Data Analysis seventh step: Aim for the extra mile, it’s never crowded!

Apr 20, 2020

Data analysis seventh step: fine tuning

The road so far

So, you started with a goal, you found some related datasets, pre-processed and processed them, and now you got results. But, after you validated the results…

PREVIOUS BLOG POST

… you are not happy: you want more and better. So, are we back to square one? Luckily, not at all!

The road ahead

If the results you obtained are not satisfactory, you still have different aces up your sleeve. Looking at the picture below with data analysis main steps, you could go back and do something better in each step, or you blindly restart from scratch. But, maybe, you can do it smarter. How? That is simple, and this is the reason I said we are not back to square one: you already did the procedure once, and if you have being orderly and diligent, you annotated (in your notebook) and commented (in your code) the criticalities and problems you crossed. At this point, you would say: “This is the major criticality, I knew it, but for the sake of having the preliminary results I did not go to the bottom of the question. Now I have preliminary results, but I’m not fine with them. Now and here it is the moment to take the bull by the horns, and see what happened.” The bull-equivalent could be that you did not have time to acquire more data, or that you prefer not understand better those strange outliers, or maybe the model you used was a very simple toy-model [1].

In this sense, the procedure to reach the preliminary results is like the first iteration, the prototype step of a more complete path. In this second iteration, you are aware of the lesson learned and you can do it better. The procedure is a descending-spiral one, as in the knowledge spiral one. If you think at an agile approach, it is the second step after adding a requirement on a better performance. Using the “Technical Readiness Level” language, it is like going from level 6 to 7 (I’m trying to be schematic!).
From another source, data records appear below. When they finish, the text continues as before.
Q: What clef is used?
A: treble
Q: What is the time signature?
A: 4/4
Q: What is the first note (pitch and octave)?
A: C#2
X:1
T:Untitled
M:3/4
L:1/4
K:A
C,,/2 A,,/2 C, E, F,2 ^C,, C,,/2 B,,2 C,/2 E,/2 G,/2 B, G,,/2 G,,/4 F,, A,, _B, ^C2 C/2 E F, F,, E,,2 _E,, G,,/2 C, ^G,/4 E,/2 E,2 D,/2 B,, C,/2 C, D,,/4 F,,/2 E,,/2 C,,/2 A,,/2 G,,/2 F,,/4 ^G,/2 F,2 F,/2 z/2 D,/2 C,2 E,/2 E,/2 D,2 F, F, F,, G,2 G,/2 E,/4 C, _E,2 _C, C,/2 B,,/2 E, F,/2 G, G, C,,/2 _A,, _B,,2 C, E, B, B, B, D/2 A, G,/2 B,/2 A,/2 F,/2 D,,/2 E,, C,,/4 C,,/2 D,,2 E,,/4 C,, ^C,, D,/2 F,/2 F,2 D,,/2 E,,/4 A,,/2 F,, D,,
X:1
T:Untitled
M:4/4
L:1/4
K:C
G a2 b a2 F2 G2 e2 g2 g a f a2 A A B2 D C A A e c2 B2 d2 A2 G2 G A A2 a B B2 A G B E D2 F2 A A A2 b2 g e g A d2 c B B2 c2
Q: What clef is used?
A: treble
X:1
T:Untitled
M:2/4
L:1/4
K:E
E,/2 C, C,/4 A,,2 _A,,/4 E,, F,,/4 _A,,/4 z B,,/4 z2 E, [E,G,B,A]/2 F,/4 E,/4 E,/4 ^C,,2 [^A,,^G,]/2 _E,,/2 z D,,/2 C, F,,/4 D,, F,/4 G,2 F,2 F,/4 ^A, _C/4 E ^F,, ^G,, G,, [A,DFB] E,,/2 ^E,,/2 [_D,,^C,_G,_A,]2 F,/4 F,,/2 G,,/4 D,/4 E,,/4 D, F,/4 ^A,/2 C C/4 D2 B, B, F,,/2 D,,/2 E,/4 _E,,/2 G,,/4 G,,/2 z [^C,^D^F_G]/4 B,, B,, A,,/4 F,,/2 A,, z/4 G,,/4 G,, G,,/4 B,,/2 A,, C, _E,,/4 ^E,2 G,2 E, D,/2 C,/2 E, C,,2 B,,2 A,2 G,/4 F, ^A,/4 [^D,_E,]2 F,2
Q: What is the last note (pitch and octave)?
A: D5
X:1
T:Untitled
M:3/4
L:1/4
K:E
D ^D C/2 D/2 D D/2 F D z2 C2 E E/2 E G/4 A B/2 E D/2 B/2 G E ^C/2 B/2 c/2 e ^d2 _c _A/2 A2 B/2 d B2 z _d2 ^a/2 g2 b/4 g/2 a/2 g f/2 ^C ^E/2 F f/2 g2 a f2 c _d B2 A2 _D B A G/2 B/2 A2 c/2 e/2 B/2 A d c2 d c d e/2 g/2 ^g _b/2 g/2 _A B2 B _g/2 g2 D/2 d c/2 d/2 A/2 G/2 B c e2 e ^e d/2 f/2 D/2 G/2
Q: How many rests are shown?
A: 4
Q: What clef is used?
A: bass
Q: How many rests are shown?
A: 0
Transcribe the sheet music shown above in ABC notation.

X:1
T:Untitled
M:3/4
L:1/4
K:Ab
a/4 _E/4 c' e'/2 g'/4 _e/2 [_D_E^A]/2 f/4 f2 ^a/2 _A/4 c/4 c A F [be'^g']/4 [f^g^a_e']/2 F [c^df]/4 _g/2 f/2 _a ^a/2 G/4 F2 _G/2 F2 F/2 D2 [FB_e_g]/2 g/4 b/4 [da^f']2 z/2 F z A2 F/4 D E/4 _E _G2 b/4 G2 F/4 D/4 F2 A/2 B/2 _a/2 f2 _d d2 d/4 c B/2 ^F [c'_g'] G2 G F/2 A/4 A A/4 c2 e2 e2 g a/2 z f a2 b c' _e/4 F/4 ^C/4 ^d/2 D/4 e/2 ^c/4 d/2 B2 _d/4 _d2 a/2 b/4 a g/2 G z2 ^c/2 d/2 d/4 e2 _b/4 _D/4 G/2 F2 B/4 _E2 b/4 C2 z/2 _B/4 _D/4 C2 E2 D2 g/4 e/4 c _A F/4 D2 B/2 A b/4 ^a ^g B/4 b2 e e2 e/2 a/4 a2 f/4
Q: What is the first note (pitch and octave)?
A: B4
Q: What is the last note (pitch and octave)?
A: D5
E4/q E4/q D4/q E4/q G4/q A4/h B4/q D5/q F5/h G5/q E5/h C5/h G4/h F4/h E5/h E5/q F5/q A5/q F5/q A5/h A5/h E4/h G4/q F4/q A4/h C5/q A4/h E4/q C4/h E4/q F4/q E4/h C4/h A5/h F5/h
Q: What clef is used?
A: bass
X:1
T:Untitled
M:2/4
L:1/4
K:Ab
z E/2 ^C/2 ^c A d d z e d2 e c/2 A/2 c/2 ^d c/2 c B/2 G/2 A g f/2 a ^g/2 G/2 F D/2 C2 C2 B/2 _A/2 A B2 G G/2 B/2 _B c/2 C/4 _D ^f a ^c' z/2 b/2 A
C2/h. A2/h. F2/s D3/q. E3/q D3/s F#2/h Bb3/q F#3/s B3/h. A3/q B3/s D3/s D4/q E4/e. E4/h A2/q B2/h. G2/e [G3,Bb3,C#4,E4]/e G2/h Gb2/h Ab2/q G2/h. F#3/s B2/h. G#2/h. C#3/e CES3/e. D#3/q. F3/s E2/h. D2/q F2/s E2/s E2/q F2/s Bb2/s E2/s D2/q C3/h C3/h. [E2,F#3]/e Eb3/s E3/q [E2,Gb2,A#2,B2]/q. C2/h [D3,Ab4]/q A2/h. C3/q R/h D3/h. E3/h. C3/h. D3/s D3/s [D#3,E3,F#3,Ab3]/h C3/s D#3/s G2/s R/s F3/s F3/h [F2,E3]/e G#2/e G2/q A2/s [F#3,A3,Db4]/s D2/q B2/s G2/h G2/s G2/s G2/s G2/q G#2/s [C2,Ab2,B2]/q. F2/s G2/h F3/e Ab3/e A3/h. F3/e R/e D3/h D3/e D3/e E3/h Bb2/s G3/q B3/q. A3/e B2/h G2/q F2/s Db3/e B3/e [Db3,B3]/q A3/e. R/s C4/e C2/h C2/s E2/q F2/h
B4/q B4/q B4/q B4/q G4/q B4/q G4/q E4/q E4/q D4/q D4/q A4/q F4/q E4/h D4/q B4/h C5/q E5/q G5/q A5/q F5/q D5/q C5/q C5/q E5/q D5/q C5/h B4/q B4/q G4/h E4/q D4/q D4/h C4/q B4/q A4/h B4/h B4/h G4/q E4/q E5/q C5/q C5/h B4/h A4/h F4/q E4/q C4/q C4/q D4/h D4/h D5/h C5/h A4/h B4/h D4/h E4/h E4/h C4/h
Now I have preliminary results, but I’m not fine with them. Now and here it is the moment to take the bull by the horns, and see what happened.

Figure 1: Data Analysis main steps: focus on fine tuning

Lesson learned become tip and tricks!

1. The fine tuning will be fast and effective if for each precedent step you keep documentation, named the documents in an easy-to-remember way, paid attention to order and details.

2. “Don’t throw the baby out with the bathwater”: do not start all from scratch but keep was useful.

3. Before attacking fast-and-furiously your code looking for errors, try to think if there is an underlying problem you did not consider before, maybe because you did not know it was related to this activity, or maybe because you forgot. There is no shame in committing mistakes. The shame is when you decide to under evaluate them.

4. Sometimes you do not need to set major improvements or modification. Sometimes you just need an additional parameter in a fitting function, or setting the initialization of an optimization to a smarter point of the space-phase. That is the reason why it is called fine-tuning.

Real-world example

As a real-world example, let’s recall our previous article about data processing. In that post, we create a model predicting the power produced buy a photovoltaic plant using the irradiance as input, and we decided to use the functional form y= a*x + b, where y is the power (dependent variable), a is a fitting parameter, x is the irradiance and b is the intercept.

Could we do better? (Obviously, yes, or I’d be in trouble ?). For example, we could try to remove the intercept b, or we could add the module temperature in the fitting formula. The results are reported below, and you can see how making slightly different choices (that is, finetuning), you could get different r-Pearson values, and also the other score functions changes for the better of for the worse [2].

Figure 2: Model results using irradiance as input and no intercept in the functional form y= ax

Figure 3: model results using irradiance and module temperature as inputs in the functional form y= a* irradiance + b*temperature + intercept

Figure 4: model results using just irradiance as input in the functional form y= ax + b

For the curious customer

At i-EM S.r.l., we think that a long journey starts from a single and smart step; also, we know that the devil is in the details, and a good procedure can help to take them into account.

FIND MORE IN OUR SUCCESS STORY

For the keen reader

Some further readings I found interesting (not so much as my post, sorry for you…)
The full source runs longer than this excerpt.